The cuboid consists of 6 rectangular faces which form a convex polyhedron. The opposite rectangular plane surfaces are equal. It has 8 vertices and 12 edges.

A cuboid consists of 6 rectangular plane surfaces. There are 8 vertices and 12 edges. All the faces of a cuboid are equal and square. Therefore, a cube has all the six faces equal, whereas a cuboid has the opposite faces equal.

#### Properties of a Cuboid

Volume: The volume of a cuboid is lwh, where l is the length, h is the height, and w is the width.

Lateral Surface Area: The lateral surface area of a cuboid is 2lh + 2wh, where l is the length, w is the width, and h is the height.

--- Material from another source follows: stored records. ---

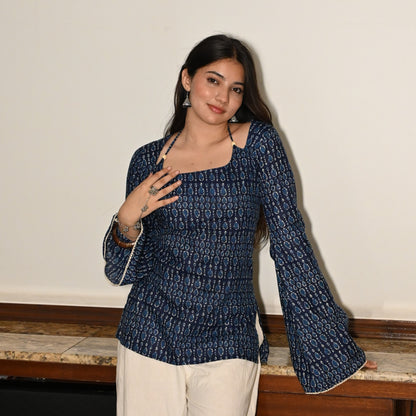 ZOHRA Neck Tie Up Kurti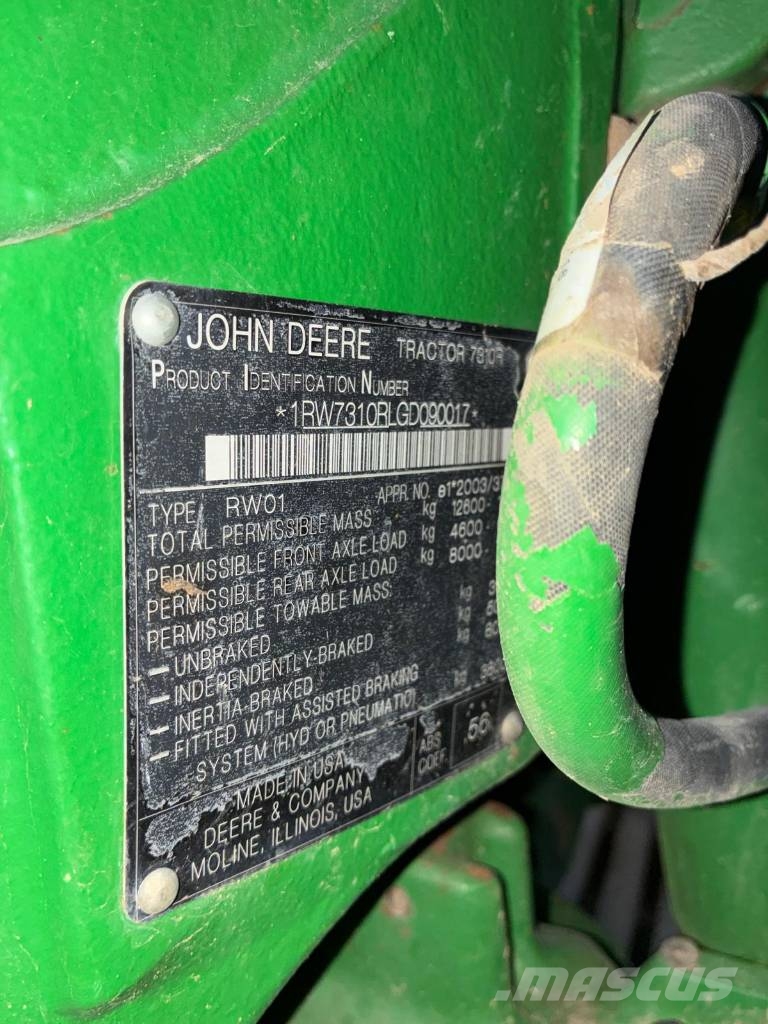 John Deere 7R.310 트랙터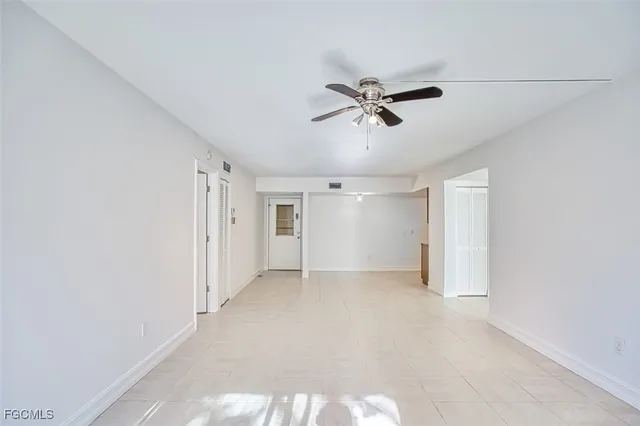 a view of empty room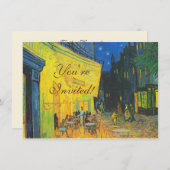 Van Gogh Café Terras Franse straatbeeld Kaart (Voorkant / Achterkant)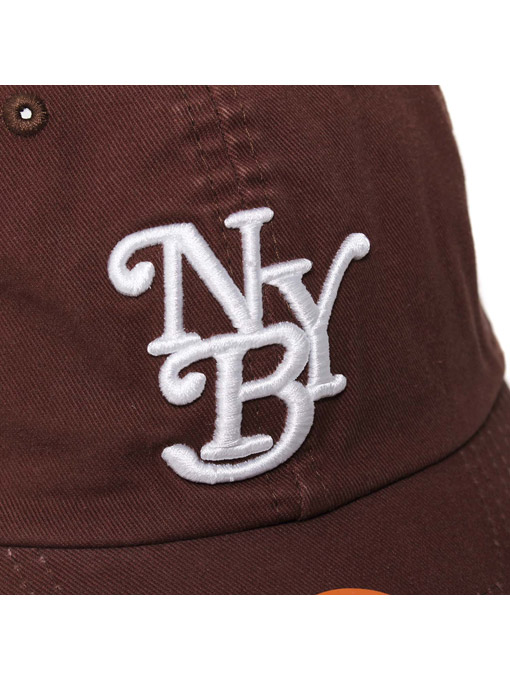 NYB OG LOGO CAP -BROWN-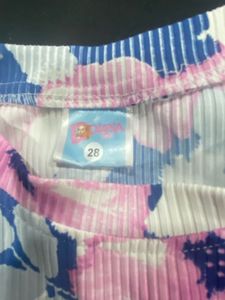 Cute Floral Top &amp; Pink Pants Set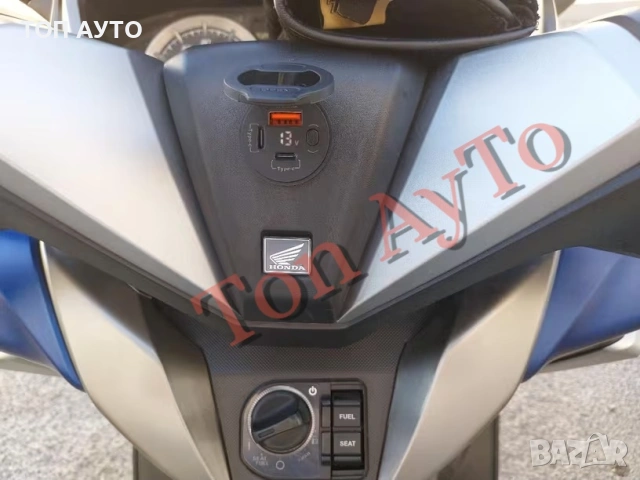 USB Зарядно За Вграждане QC 3.0 + PD30W + Волтметър 12/24V Автомобил Мотор Камион Лодка Каравана АТВ, снимка 6 - Аксесоари и консумативи - 54940101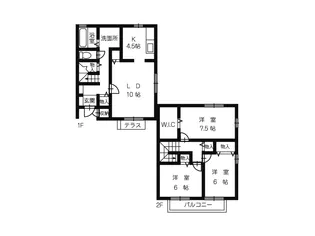 長野県松本市桐3【一戸建】の間取り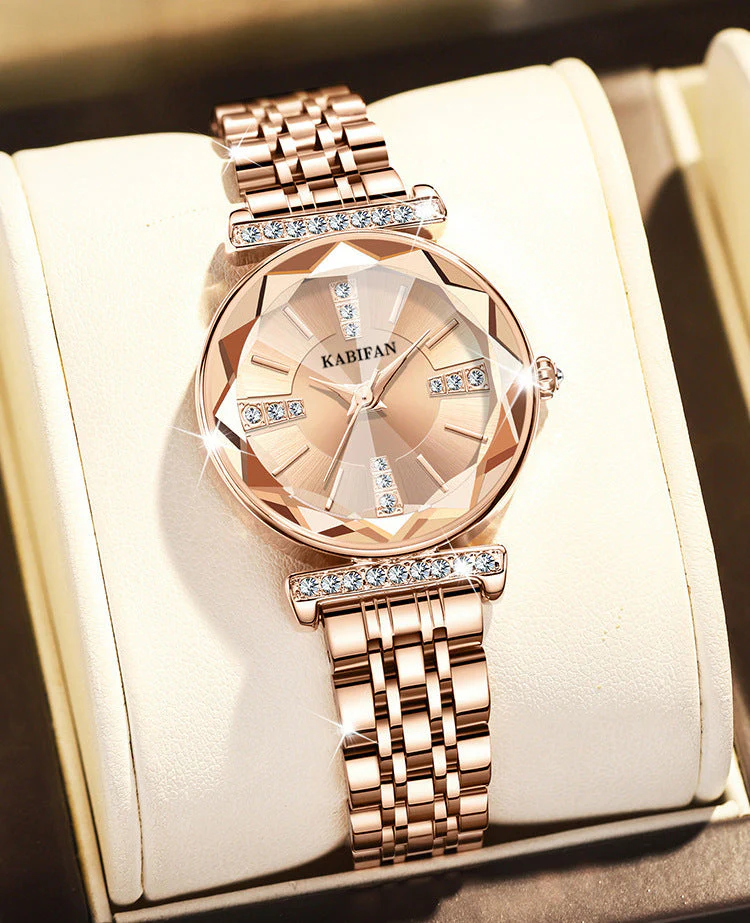 Diamond Mirror Waterproof Steel Watch - Image 3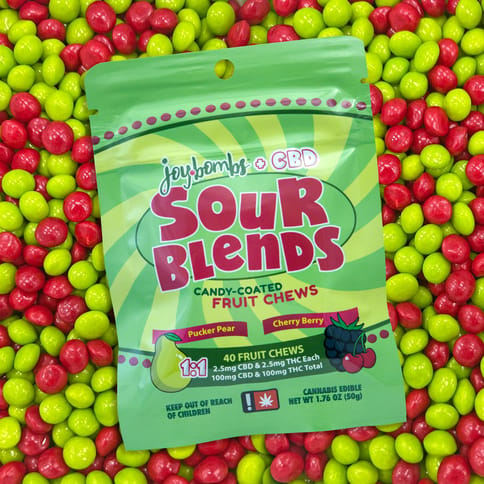 JoyBombs 1:1 Sour Blends 100mg Fruit Chews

Surface Area: The surface area of a cuboid is 2lw + 2lh + 2wh, where l is the length, w is the width and h is the height.

### Cylinder

The cylinder is one of the basic 3d shapes that stands on a circular plane surface consisting of circular plane surfaces on its top and bottom. A cylinder has two circular plane surfaces. One surface presents at its base and the other one presents at its top. Also, it has a curved surface in the middle. Two edges at which the two plane surfaces meet with the curved surface present on a cylinder. The edges are curved in a shape.

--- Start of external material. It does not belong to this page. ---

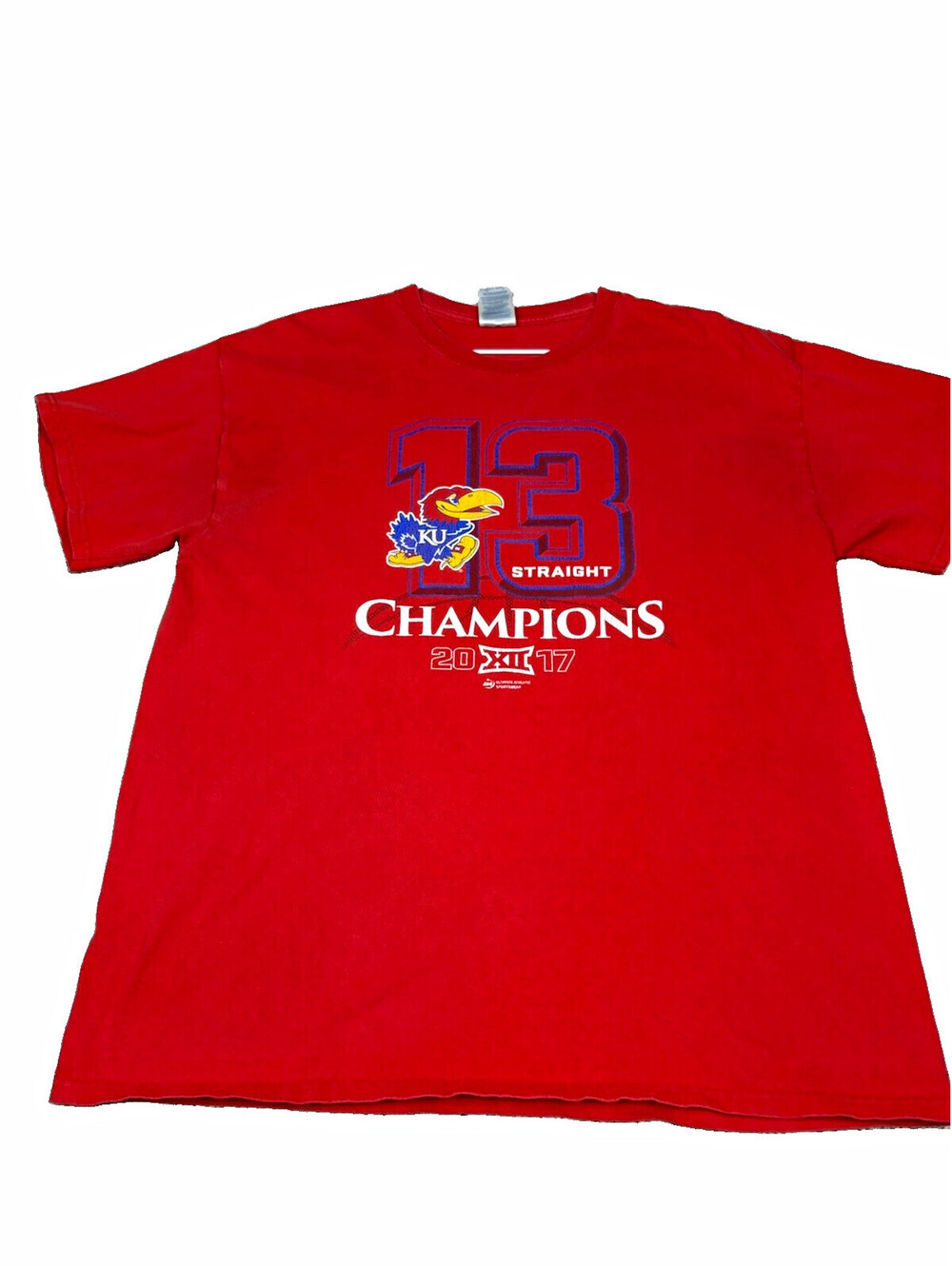 Kansas Jayhawks "13 Straight" Big 12 Champions T-Shirt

A cylinder has 2 plane surfaces and 1 curved surface. There are 2 edges and no vertices. Furthermore, the top and bottom of the cylinder are of the same shape as well as in size. They both are equal.

### Cone

A cone is a distinctive three-dimensional geometric figure that has one plane circular surface. It consists of a base and only one curved surface. There are 1 edge and 1 vertex present in the cone. The edge of the cone is a curved edge. It is formed by the circular plane surface meeting with the curved surface.

### Sphere

A sphere is a geometrical figure that has a ball-like shape. There is only one curve surface present in the sphere and no edge and no vertex present in it.